Warren County Local
History by Dallas Bogan |
Contributor: |
Dallas Bogan on 4 August 2004 |
Source: |
original article by Dallas Bogan |
Return to Index to see a list of other articles by Dallas Bogan |
This story is about James
D. Wallace taken from the pages of The Western Star. It was written by Josiah
Morrow. It is more or less a human interest story about one of the
recruiters of the Civil War.
"An interesting and well-written newspaper sketch of Major
Wallace printed soon after his death and preserved in my scrap-book
gives the only account I have seen of his eventful early life. The writer's
name is not given; he seems to have been well acquainted with Wallace and probably
got the story of his youth from his own lips piecemeal in conversations at various
times."
"Few men have had as venturesome and wandering early life as the first
lawyer at Morrow, Ohio. Tho born in Ireland and always called an Irishman, he
was not Irish in blood. His father was a Scotch Colonel of an English Regiment;
his mother of an English family named Dudley. James
Dudley Wallace was born in Dublin, December 9, 1823, and was reared
in that city. He grew up with many characteristics of the Irish race--quick,
keen-witted, daring and reckless. He seems to have had a fair English education,
but he was probably not studious and when he was fifteen ran away from home
and worked his way as a cabin-boy to Hamburg. By working at odd jobs he wandered
over Germany and Holland.

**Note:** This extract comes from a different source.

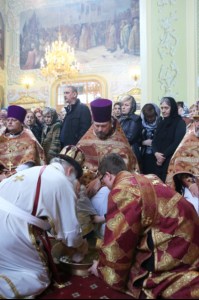 В Великий Четверг Митрополит Лонгин совершил Литургию Василия Великого и Чин умовения ног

He was also in Spain, but the extent of his wanderings
in Europe is not known."
"In 1840, when seventeen, he left Holland and worked his way to America,
landing in New Orleans. He had never learned a trade and he began to work as
a day-laborer, turning his cand to anything by which he could make a living
and went up the Mississippi Valley as far north as Wisconsin where he was engaged
for a time as a lumberman, cutting and rafting logs. In much the same way he
went down the Mississippi, stopping at various towns and when the Mexican
war broke out he was at St. Louis. He volunteered as a private and was in
one of the first regiments sent to Mexico. He was a brave soldier and twice
wounded, once in the chin and once in the leg. It is said he was not obedient
to the army rules and that this kept him from promotion and he was a private
when he received an honorable discharge."
"Leaving Mexico, he was for a time at San Antonio, Texas, and then worked
his way to Cincinnati and thence up the Little Miami to the vicinity of the
new town of Morrow, which became his first fixed place of residence since he
left his boyhood home in Ireland, and here he lived until his death. For a time
he was a hired hand on the farm of Jason Darrow, but became
known as a ditch digger. He was employed in digging a number of ditches and
among them one at the Old Whitacre Mills. In the town of Morrow he dug wells,
cisterns and cellars and sometimes carried hod. He had a good reputation as
an honest and faithful workman and contractors were ever ready to pay him good
wages."
"All accounts agree that at this time he was rather tough; he was hot-headed
and got into troubles but he was not a ruffian; he drank but he was not a drunkard.
Nothing in his mode of life was calculated to arouse a love of study and when
he was twenty-five no one would have thought it possible that this Irish ditch
digger would become a successful lawyer."
"The old-time debating societies first aroused his intellectual activities.
He attended them and began to take part in the debates. His fine voice with
something of the Irish brogue, his ready wit and native mental powers made him
known as a good speaker and he was called the young Irish orator. An incident
at a debate in the old Morrow school house changed the course of his life. The
subject was the ten-hour labor day which Wallace advocated. David Hicks
on the other side said something which angered the fiery Irishman. Hot words
ensued and the two men went outside where their difference was ended by Wallace
hitting his opponent on the head with a brick, nearly killing him. Wallace
was arrested for assault with intent to kill, bound over to the grand jury.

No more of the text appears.